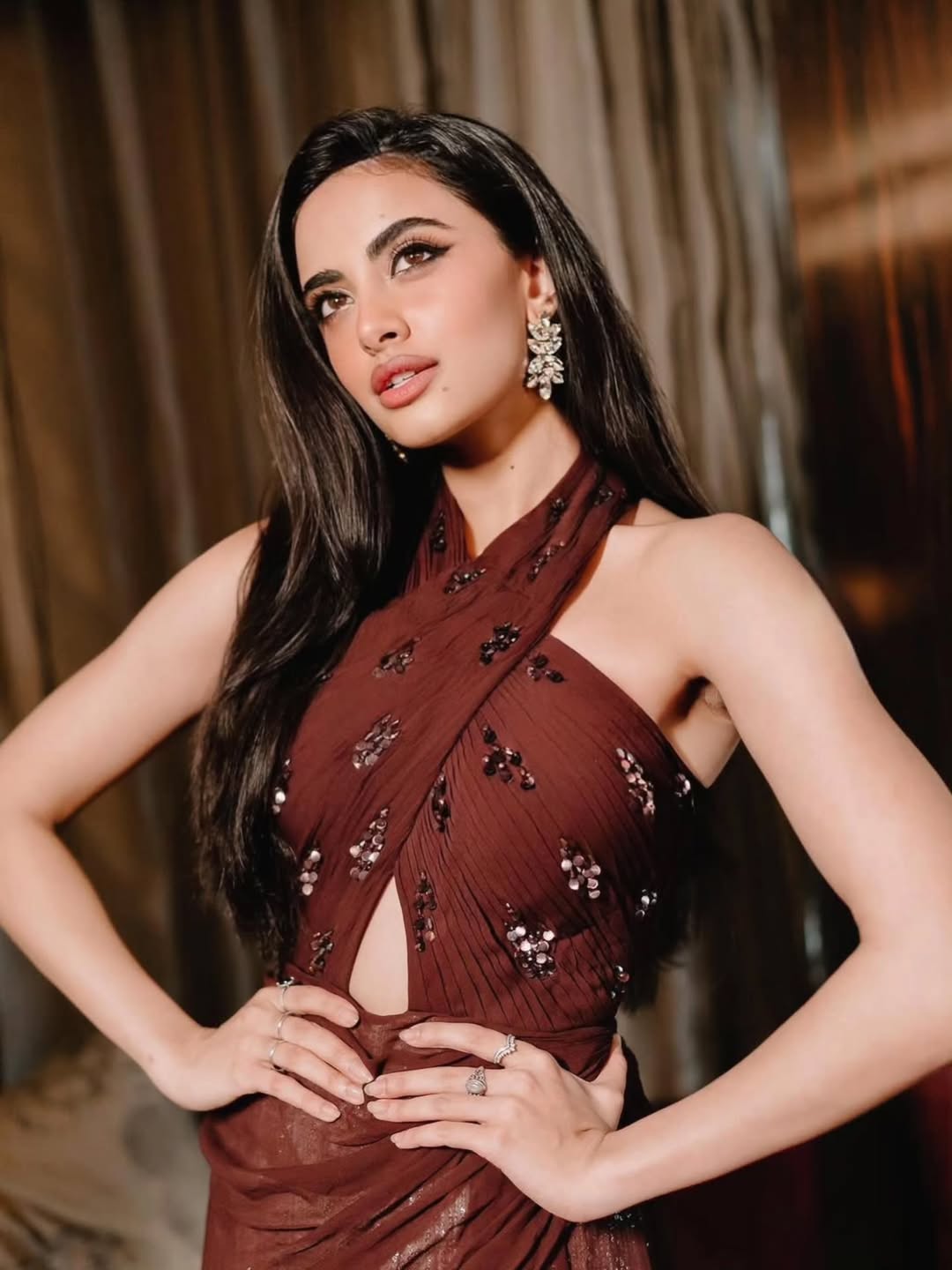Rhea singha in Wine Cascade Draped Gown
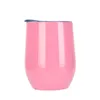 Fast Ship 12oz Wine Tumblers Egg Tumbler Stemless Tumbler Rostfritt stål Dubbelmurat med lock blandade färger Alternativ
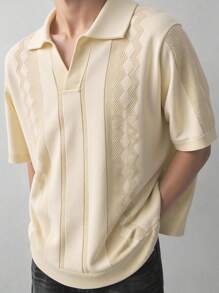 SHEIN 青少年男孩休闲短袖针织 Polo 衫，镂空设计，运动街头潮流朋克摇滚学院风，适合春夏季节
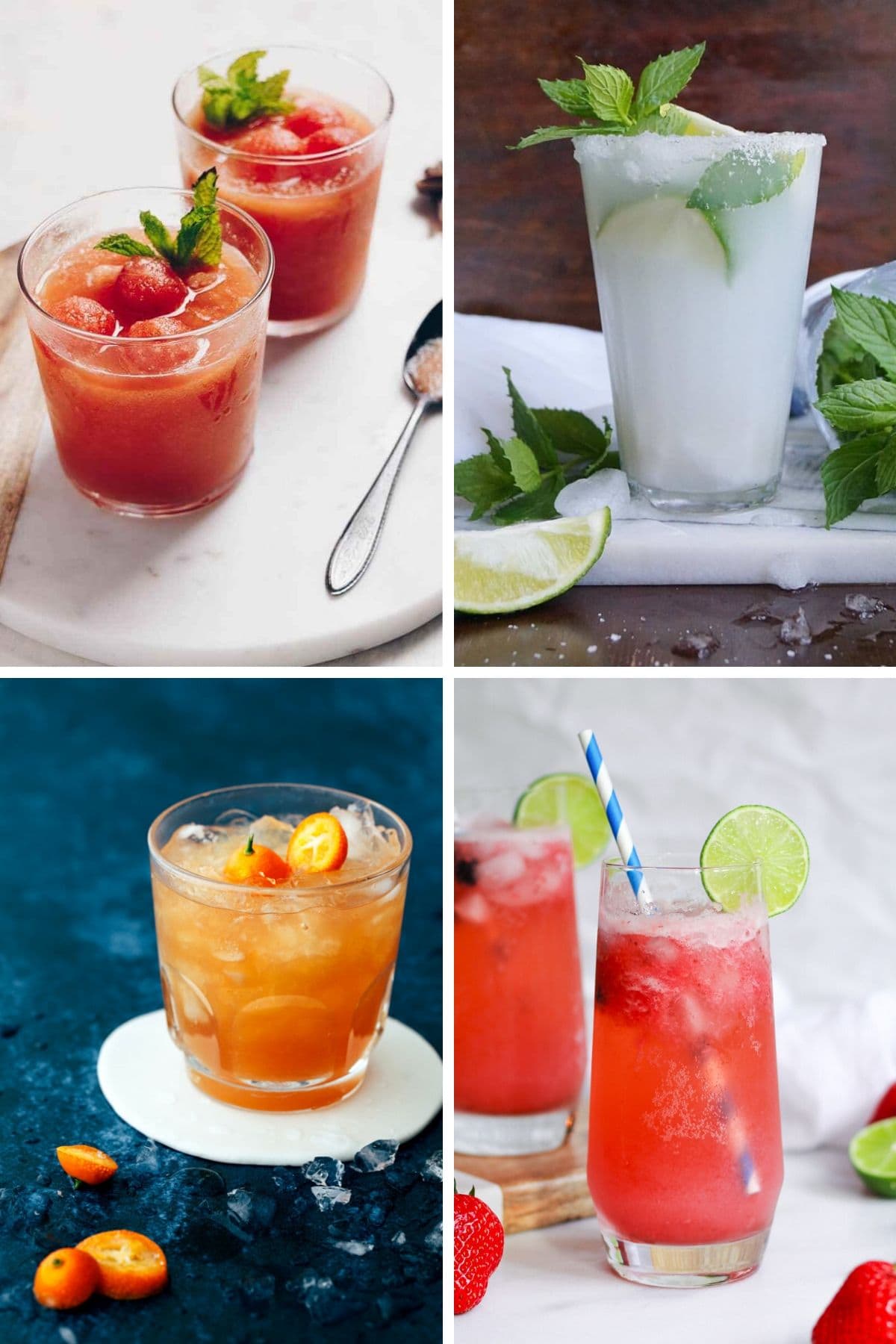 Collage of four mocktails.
== == ==
PROBLEM STATEMENT: Write out everything in the data word for word. Omit each picture.

ANSWER TO THIS EXERCISE:
Rhea singha in Wine Cascade Draped Gown
 Fast Ship 12oz Wine Tumblers Egg Tumbler Stemless Tumbler Rostfritt stål Dubbelmurat med lock blandade färger Alternativ
 SHEIN 青少年男孩休闲短袖针织 Polo 衫，镂空设计，运动街头潮流朋克摇滚学院风，适合春夏季节
 Collage of four mocktails.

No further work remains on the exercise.